Pemerintah Fokuskan Program Makan Bergizi Gratis untuk Anak Malanutrisi

Sedang Trending 4 hari yang lalu

Presiden Prabowo Subianto menginstruksikan pengalihan sasaran program Makan Bergizi Gratis (MBG) agar diprioritaskan bagi anak-anak yang mengalami kekurangan gizi mulai Rabu (15/4/2026). Kebijakan ini mengubah skema awal yang sebelumnya menyasar seluruh siswa menjadi berbasis skala prioritas ekonomi dan kondisi kesehatan fisik anak.

Kepala Badan Gizi Nasional (BGN), Dadan Hindayan, menyatakan kesiapan instansinya untuk menjalankan perintah tersebut guna meningkatkan kualitas layanan. Berdasarkan data Survei Status Gizi Indonesia (SSGI) 2025, tercatat masih ada 7,8 juta anak di Indonesia yang menderita malanutrisi, menempatkan Indonesia dalam lima besar negara dengan masalah gizi tertinggi.

"Kebijakan BGN 2026 disesuikan dengan intruksi presiden tersebut, yaitu peningkatan kualitas layanan dan efektivitas program," kata Dadan kepada Kompas.com pada Selasa (14/4/2026). Langkah ini diambil agar anggaran negara tidak dialokasikan kepada anak-anak dari keluarga yang secara ekonomi mampu.

Wakil Kepala BGN, Nanik S Deyang, menambahkan bahwa tim khusus akan mulai melakukan survei lapangan di wilayah DKI Jakarta pada minggu depan untuk menyisir calon penerima manfaat. BGN juga akan melakukan pertukaran data dengan Kementerian Sosial serta Kementerian Pendidikan Dasar dan Menengah guna memastikan akurasi distribusi program.

Dukungan terhadap langkah reposisi ini juga datang dari kalangan akademisi dalam Forum Intelektual Antardisiplin (FIAD) di Kampus UI Salemba pada Senin (13/4/2026).
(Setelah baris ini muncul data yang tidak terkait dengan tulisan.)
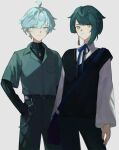  2boys alternate_costume aqua_eyes aqua_hair bangs blue_hair blue_ribbon blush chongyun_(genshin_impact) cyenwl earrings genshin_impact grey_background hand_in_pocket highres jewelry long_sleeves looking_at_viewer male_focus multiple_boys necklace orange_eyes pants ribbon shirt simple_background single_earring tassel tassel_earrings xingqiu_(genshin_impact) 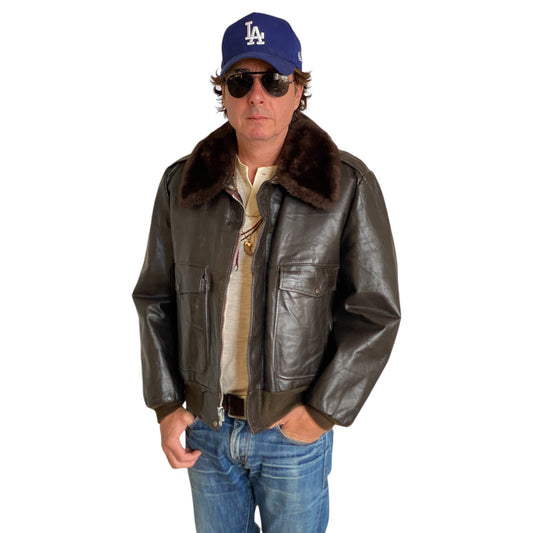 Vintage Aviator Leather Bomber Flight Jacket - Size 44US Regular (54EU) | Classic Style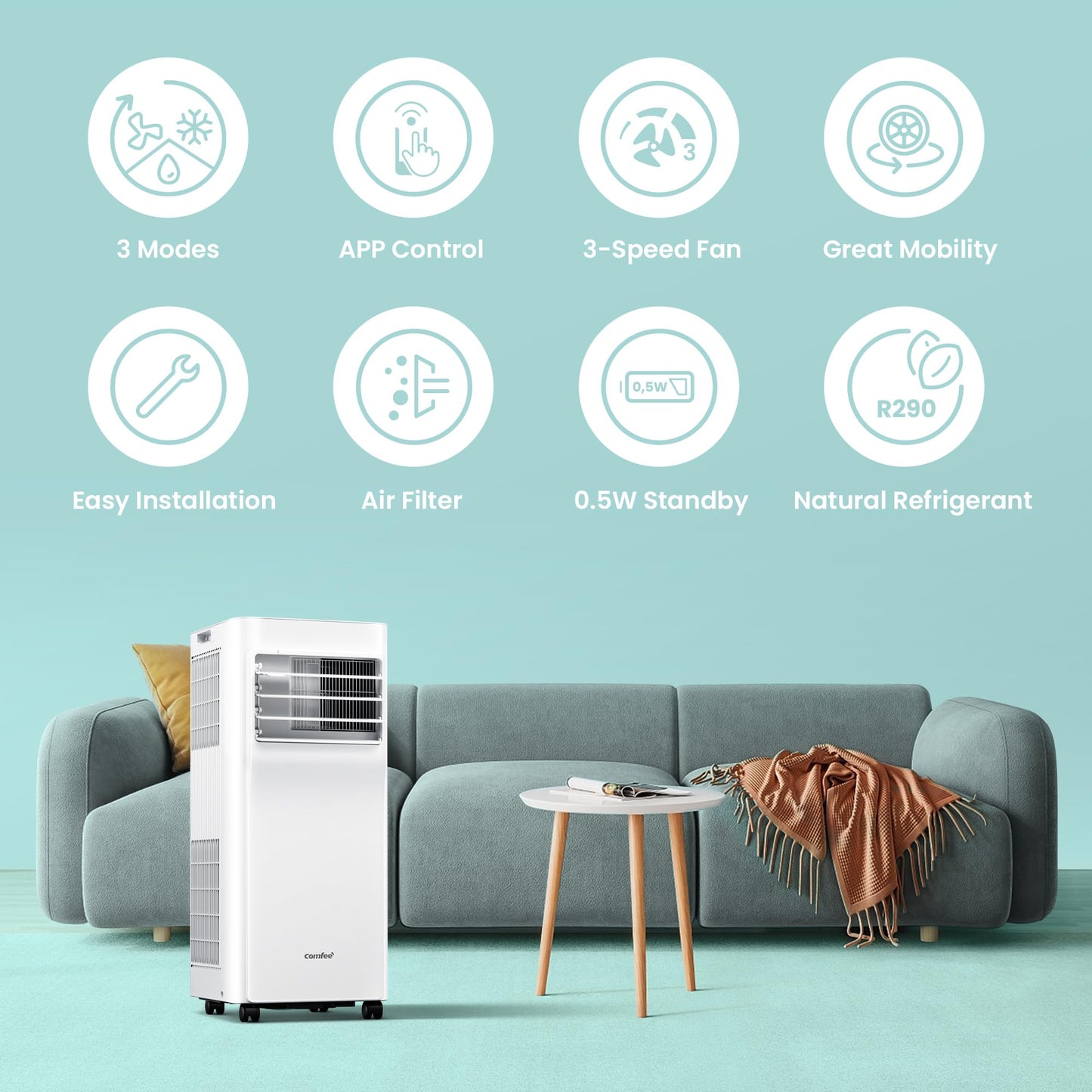 Aire Acondicionado Móvil Comfee Breezy Cool Pro 2.0 – 7000 BTU, APP, Blanco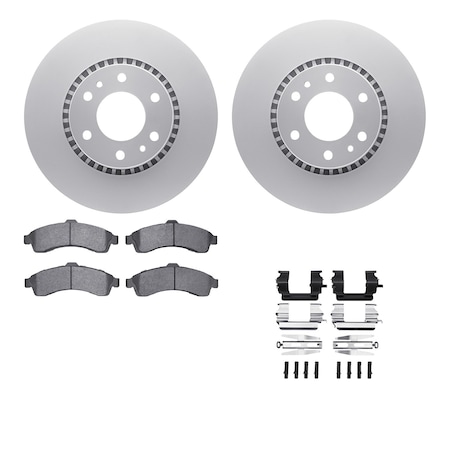 Dynamic Friction Co DFC GEOSPEC Coated Rotors with 5000 Brake Pads - Ceramic and Hardware 4512-48123
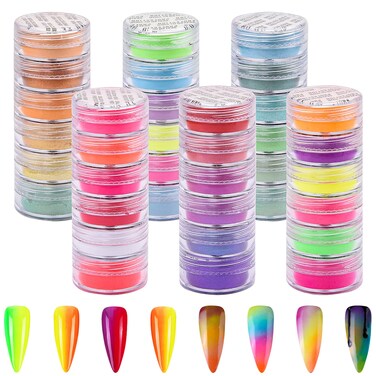 Duufin 36 Colors Nail Pigment Powder Colorful Luminous Powder Iridescent Glitter Pearlescent High-Gloss Halo Powder Pigments for Nails Art, Body and Crafts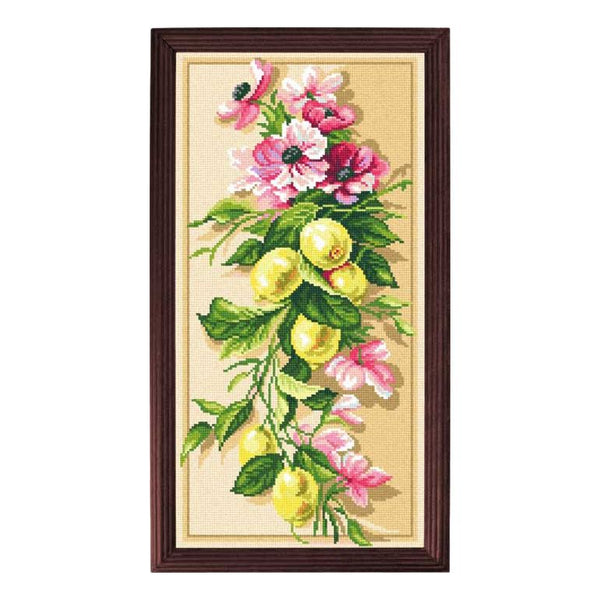 Needlepoint Canvas "Lemon Branchlet" 9.8x19.7" / 25x50 cm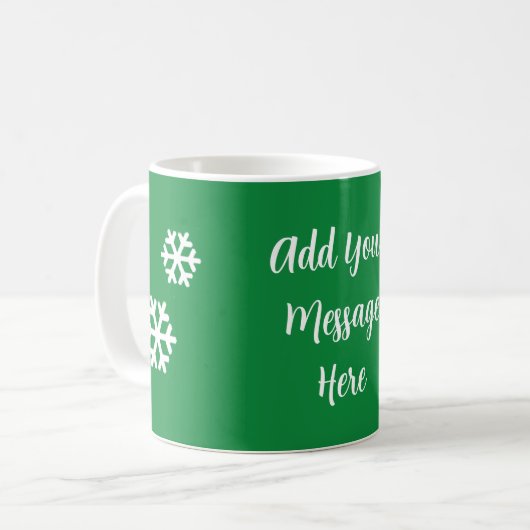 Ajoutez Votre Message Mug Café Flocon de Neige (Devant gauche)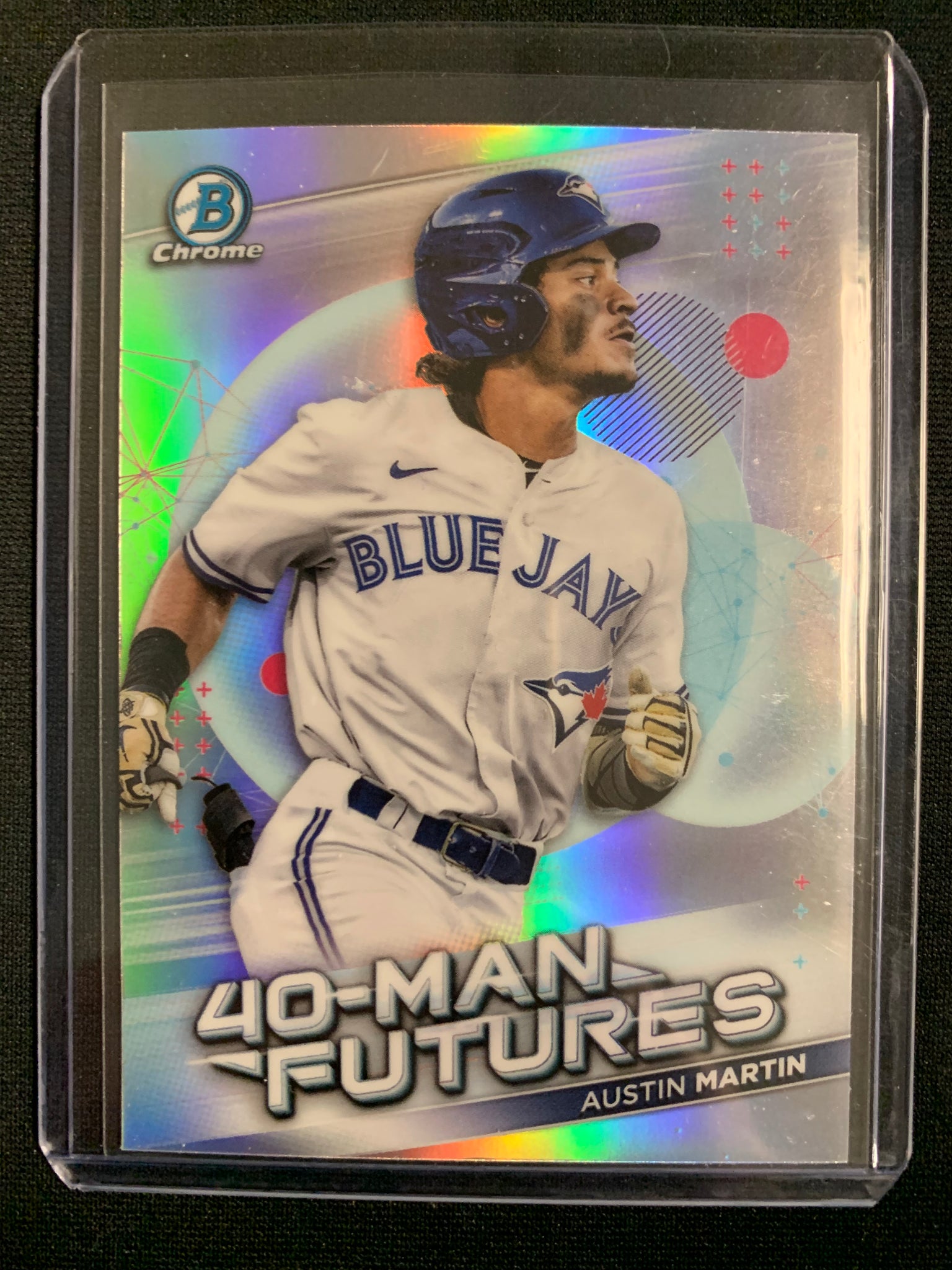 2021 BOWMAN CHROME BASEBALL #FMF-4 TORONTO BLUE JAYS - AUSTIN MARTIN 40-MAN FUTURES INSERT CARD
Dewan Guru Besar UI, Teddy Prasetyono, menyarankan agar pemenuhan gizi tetap difokuskan pada periode 1.000 Hari Pertama Kehidupan (HPK) untuk mencegah stunting dan mendukung perkembangan kognitif.

Menurut Teddy, intervensi nutrisi yang paling ideal dimulai sejak masa kehamilan hingga anak berusia sembilan tahun. Ia menilai penghentian sementara atau evaluasi program MBG sangat krusial agar bantuan benar-benar mencapai sasaran yang membutuhkan demi dampak jangka panjang pada kemampuan pendidikan anak di masa depan.

Di sisi lain, hasil survei Cyrus Network yang dirilis Selasa (14/4/2026) menunjukkan 56 persen dari 1.260 responden mendukung program ini karena dianggap meringankan beban ekonomi keluarga. BGN kini tengah merumuskan mekanisme pengawasan kualitas makanan yang lebih ketat menyusul adanya laporan insiden keracunan dalam tahap uji coba sebelumnya.